Directions
Taking the line with "12 Parklink West Avenue, Wondunna QLD 4655" as the first and the line with "Gebraucht BMW X1" as the last, set down the lines below exactly, pictures excluded.

==============================

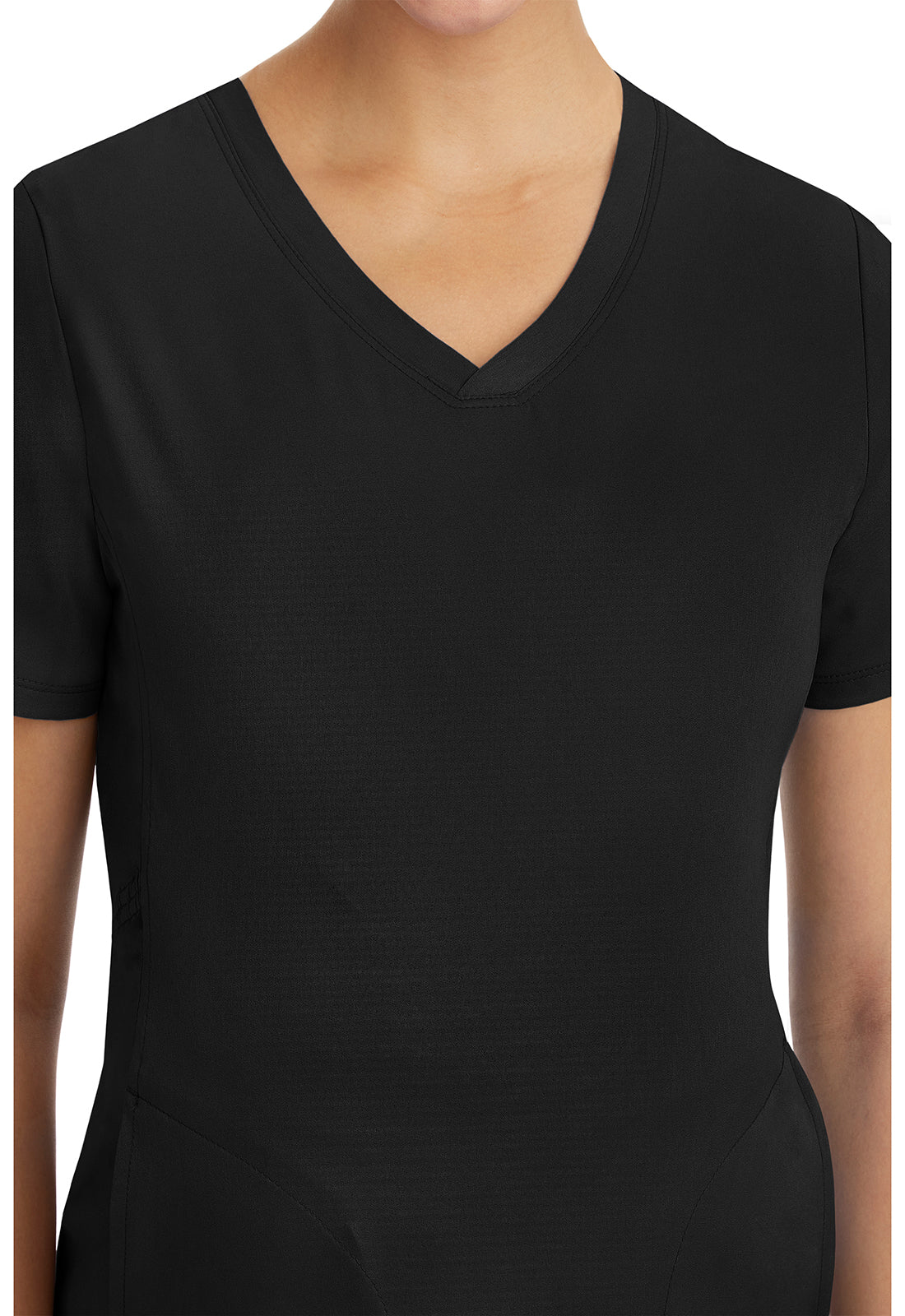 HH Works Mila Maternity Top #2510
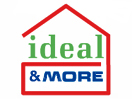 Ideal and More
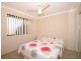 12 Parklink West Avenue, Wondunna QLD 4655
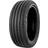 Pirelli Scorpion Verde 285/45 R20 112Y XL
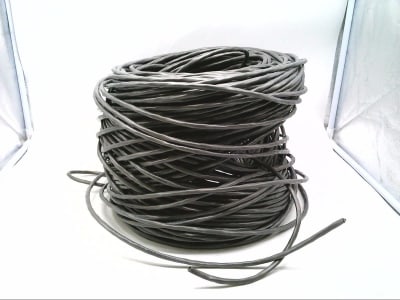 BELDEN 8777-060-U500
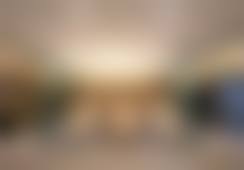 了解2026武汉艺星医疗美容医院（汉口区）杨国梁医生有助于更好查询坐诊时间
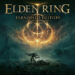 Elden Ring: The Tarnished Edition Includes Two New Classes For The Switch 2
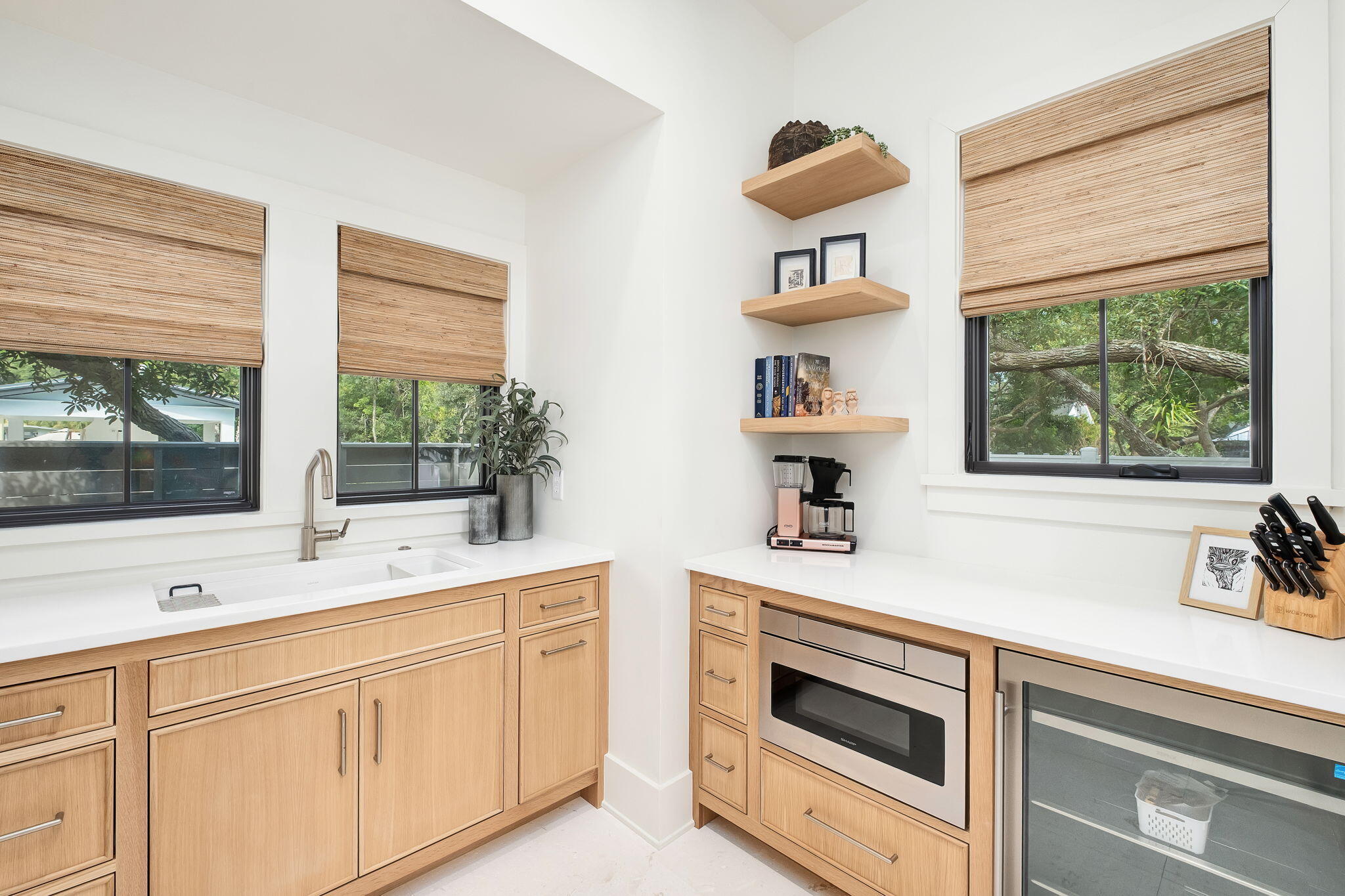 122 S Camp Creek Road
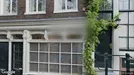 Commercial space for rent, Amsterdam Centrum, Amsterdam, Brouwersgracht 4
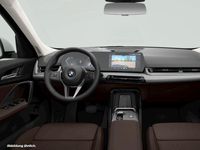 Gebraucht BMW X1 Shadowline 156 PS (114 kW) 2025 SUV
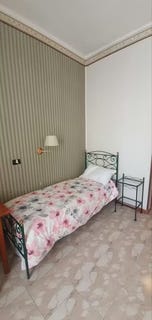 /international/it/via-principessa-clotilde-turin-piedmont-310103137574/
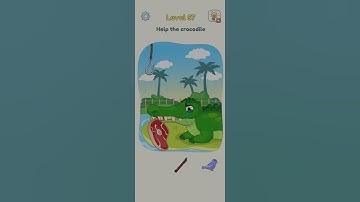 Dop3 level 57 #shorts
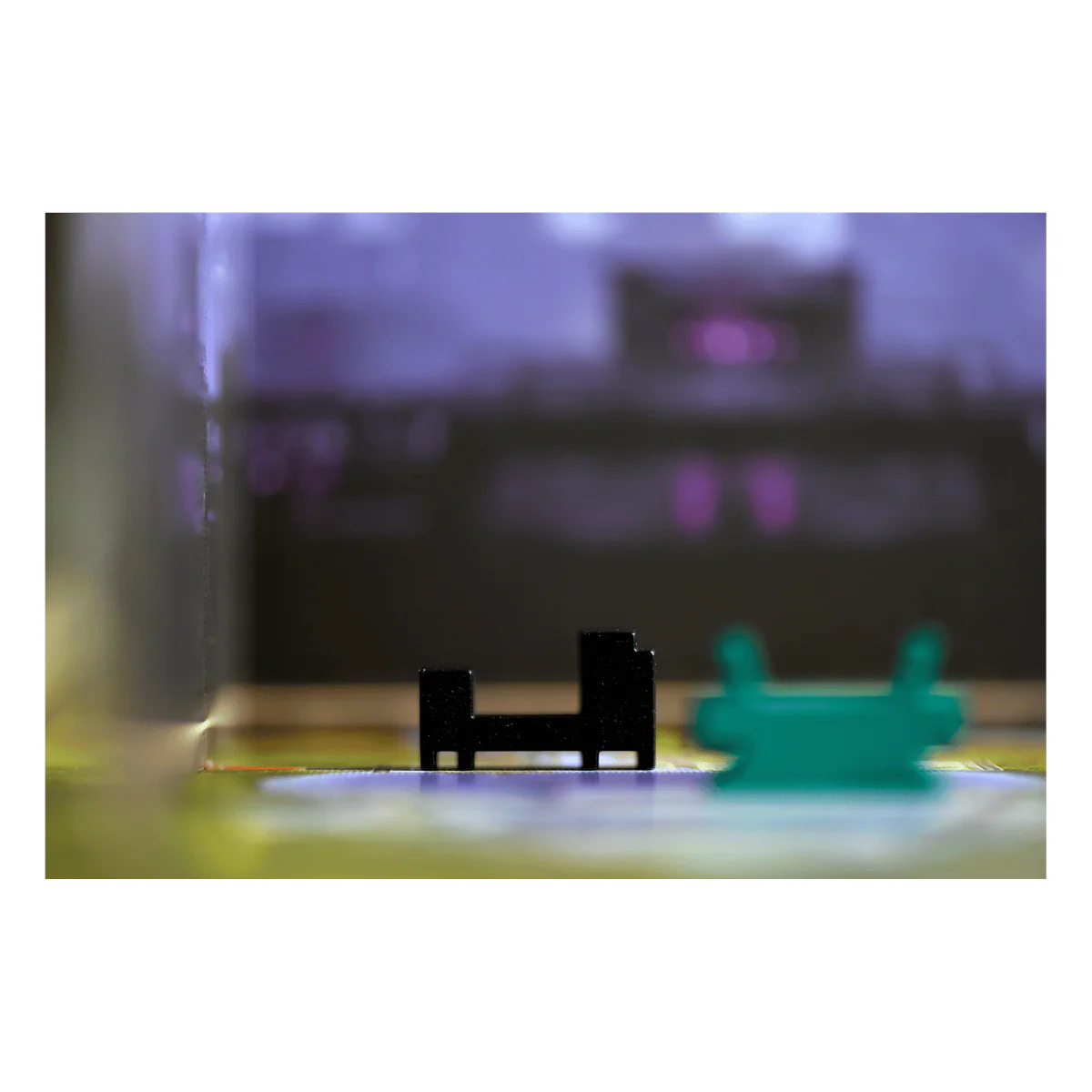 Thumbnail 15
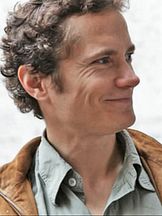 foto von Nils Aguilar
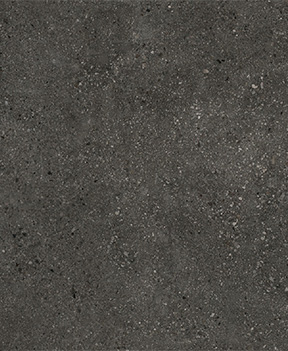 GẠCH VÂN ĐÁ ARENA CHARCOAL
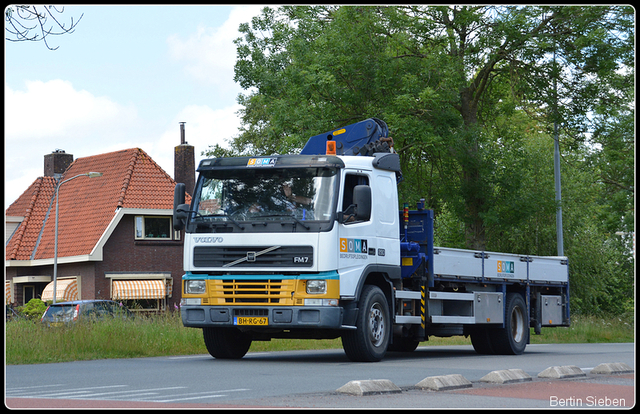 DSC 0832-BorderMaker 15, 23-06-2014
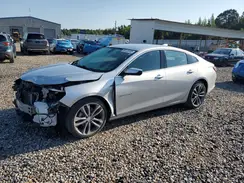 1G1ZD5ST7NF114171 2022 CHEVROLET MALIBU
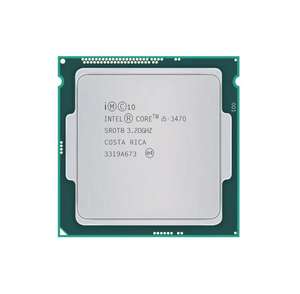 Chatarra de CPU de Alta Calidad - Product Image 2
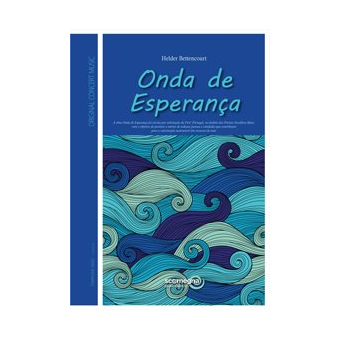 Onda de Esperanca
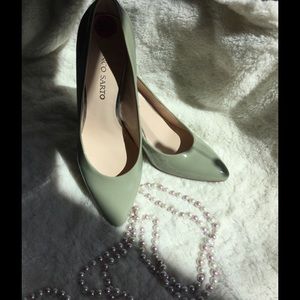 Franco Sarto shoes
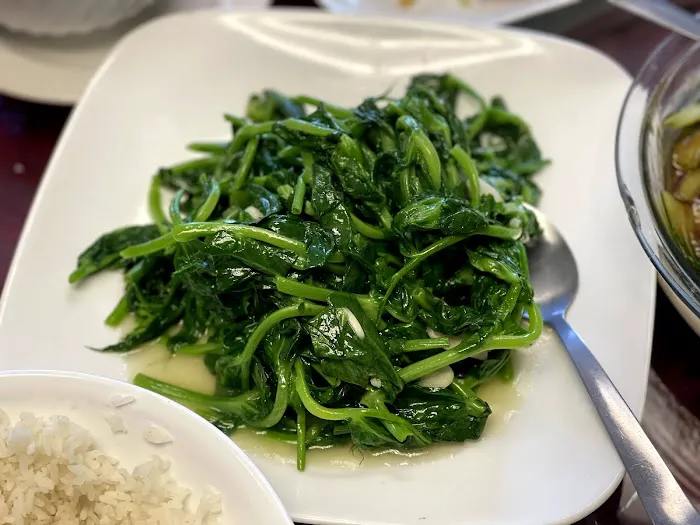 Taipei Cafe 3
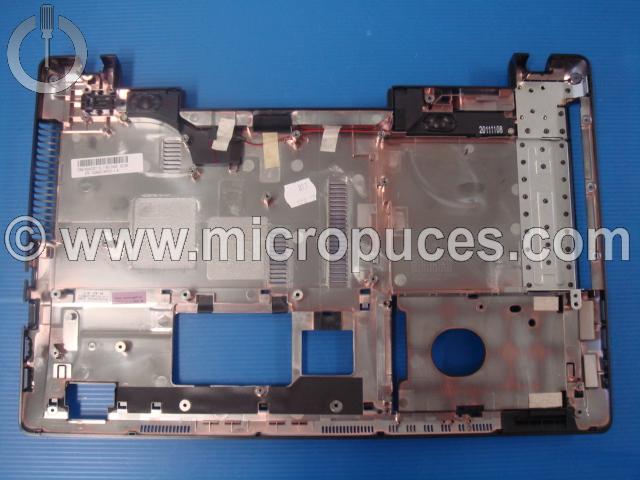 Plasturgie de base NEUVE ASUS K53S X53S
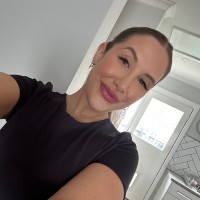 Kate Berlangieri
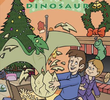 Dino Toy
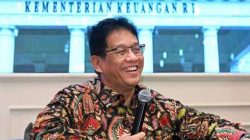 Salurkan Dana 200 T ke Bank Himbara, Strategi Menkeu Tumbuhkan Kepercayaan Masyarakat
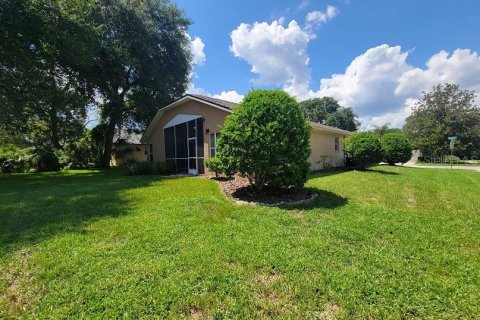 Casa en venta en Hudson, Florida, 3 dormitorios, 148.55 m2 № 1902264 - foto 28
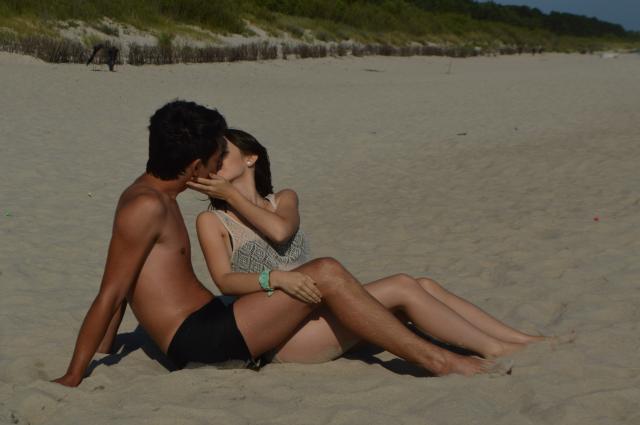 Wpis blissfulfeelings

==============================

Task result
 12 Parklink West Avenue, Wondunna QLD 4655
 Pirelli Scorpion Verde 285/45 R20 112Y XL
 BELDEN 8777-060-U500
 了解2026武汉艺星医疗美容医院（汉口区）杨国梁医生有助于更好查询坐诊时间
 Elden Ring: The Tarnished Edition Includes Two New Classes For The Switch 2
 122 S Camp Creek Road
 Commercial space for rent, Amsterdam Centrum, Amsterdam, Brouwersgracht 4
 Gebraucht BMW X1 Shadowline 156 PS (114 kW) 2025 SUV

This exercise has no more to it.